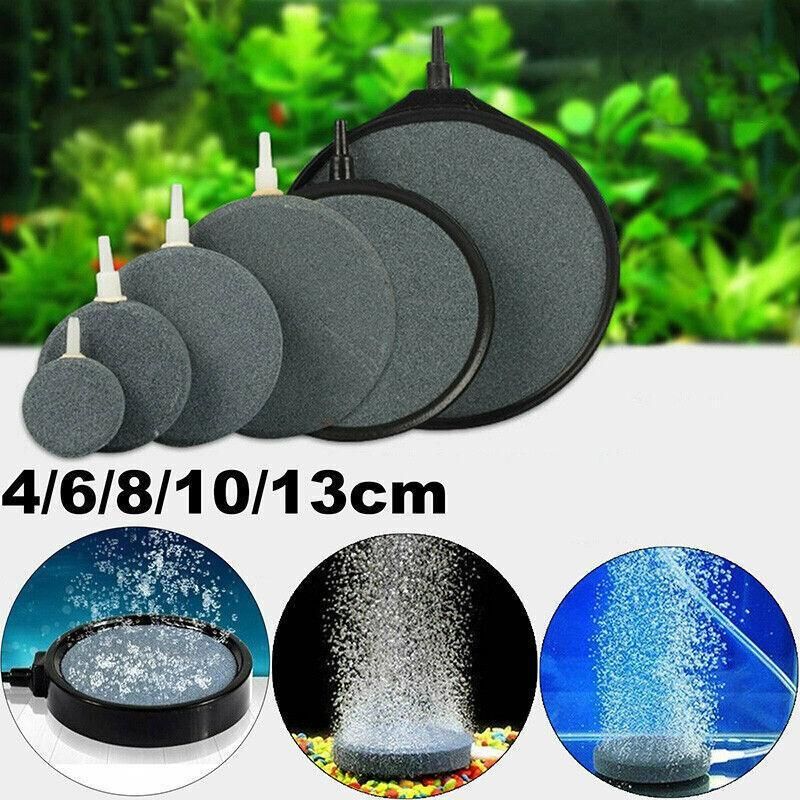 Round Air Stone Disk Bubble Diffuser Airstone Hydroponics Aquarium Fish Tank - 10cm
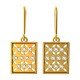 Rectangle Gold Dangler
* * *
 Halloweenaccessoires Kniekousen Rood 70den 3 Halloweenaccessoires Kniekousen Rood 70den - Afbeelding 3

## WHAT THIS TASK INVOLVES
Using the data above, transcribe exactly the lines between those containing "Round Air Stone" and "Rectangle Gold Dangler", inclusive, and leave every picture behind.

## SOLUTION TO THE PROBLEM
 Round Air Stone Disk Bubble Diffuser Airstone Hydroponics Aquarium Fish Tank - 10cm
 Rectangle Gold Dangler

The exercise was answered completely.